_DIRECTIONS FOR THIS TASK:_ Print, exactly as they stand, the lines below from the one that has "Men's Lace-Up Sports" to the one that has "Harrods Lens Cleaner", inclusive, leaving out the pictures.

_RECORD EXCERPTS:_
========
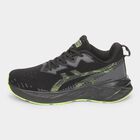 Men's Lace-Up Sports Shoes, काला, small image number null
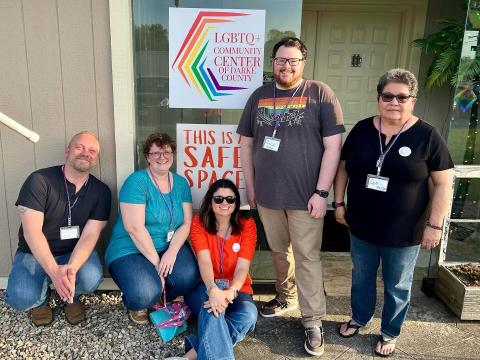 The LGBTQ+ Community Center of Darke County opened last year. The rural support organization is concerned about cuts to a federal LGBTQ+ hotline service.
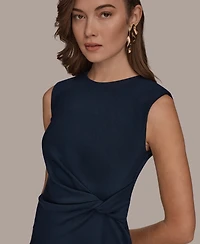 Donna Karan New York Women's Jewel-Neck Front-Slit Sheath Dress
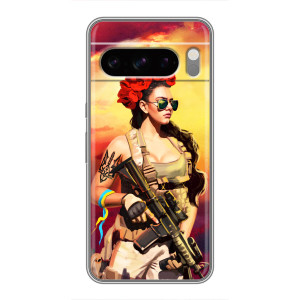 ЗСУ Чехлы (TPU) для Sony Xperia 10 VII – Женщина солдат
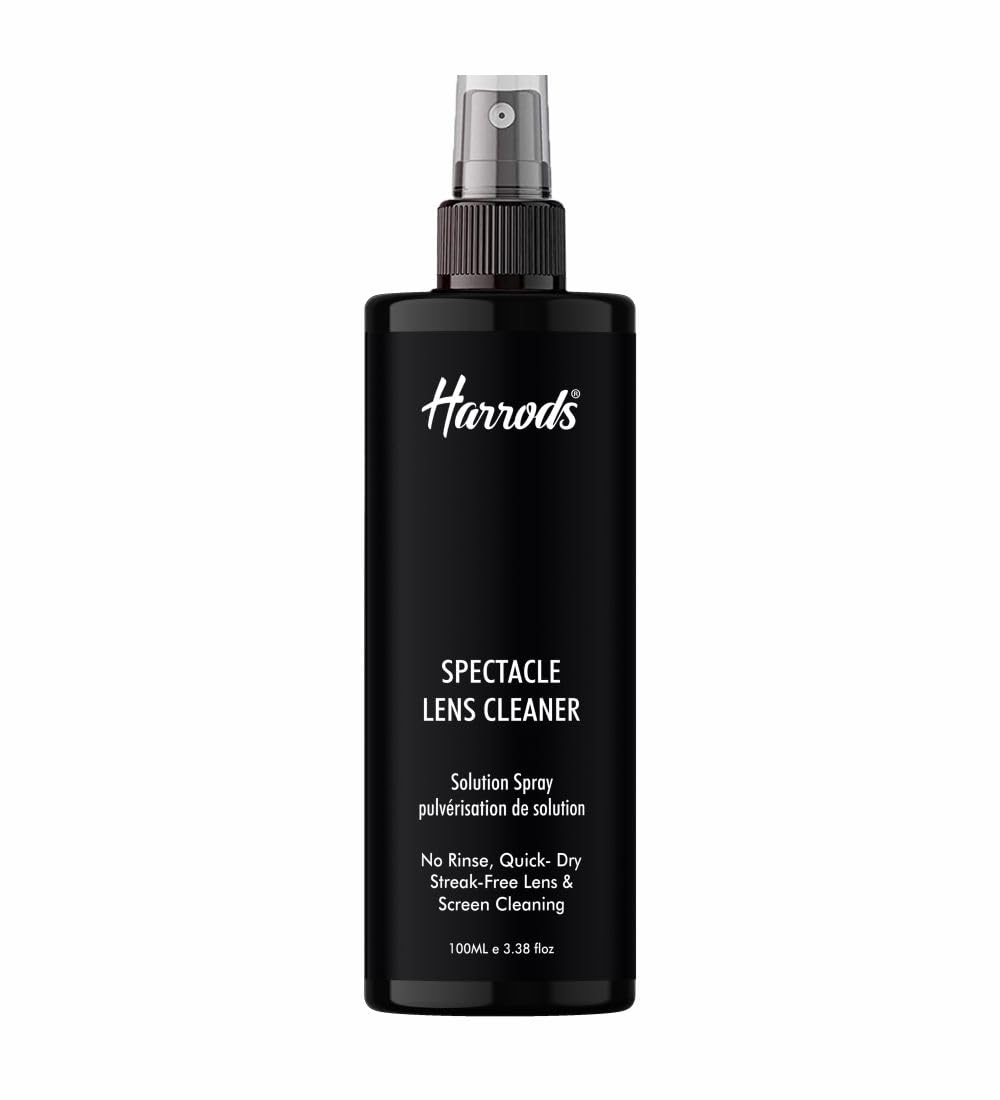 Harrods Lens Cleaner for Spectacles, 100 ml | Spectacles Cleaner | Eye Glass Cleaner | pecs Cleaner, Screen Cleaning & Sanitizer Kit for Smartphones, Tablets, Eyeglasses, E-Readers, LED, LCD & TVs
========
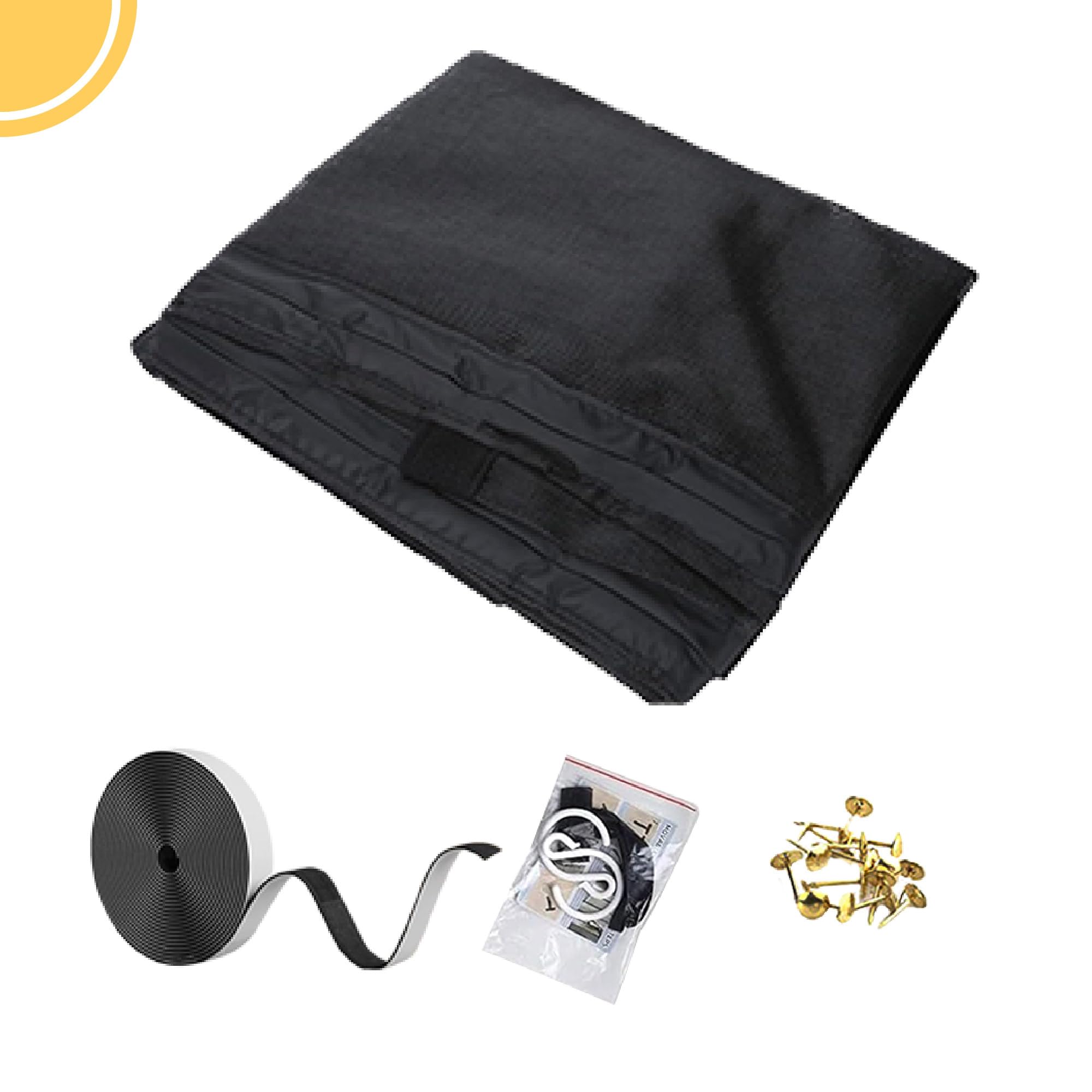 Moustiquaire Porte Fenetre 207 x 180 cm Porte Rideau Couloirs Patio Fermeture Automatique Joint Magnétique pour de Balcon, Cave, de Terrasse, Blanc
========
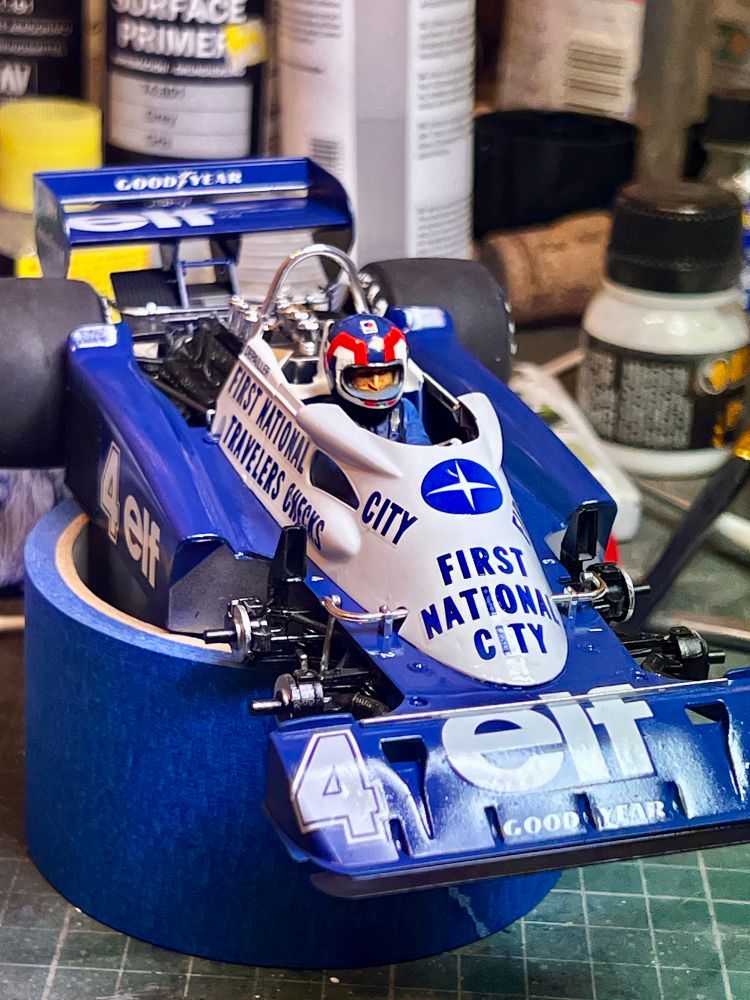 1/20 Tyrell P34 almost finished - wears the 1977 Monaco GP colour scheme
========
_SOLUTION TO THIS EXERCISE:_
 Men's Lace-Up Sports Shoes, काला, small image number null
 The LGBTQ+ Community Center of Darke County opened last year. The rural support organization is concerned about cuts to a federal LGBTQ+ hotline service.
 Donna Karan New York Women's Jewel-Neck Front-Slit Sheath Dress
 ЗСУ Чехлы (TPU) для Sony Xperia 10 VII – Женщина солдат
 Harrods Lens Cleaner for Spectacles, 100 ml | Spectacles Cleaner | Eye Glass Cleaner | pecs Cleaner, Screen Cleaning & Sanitizer Kit for Smartphones, Tablets, Eyeglasses, E-Readers, LED, LCD & TVs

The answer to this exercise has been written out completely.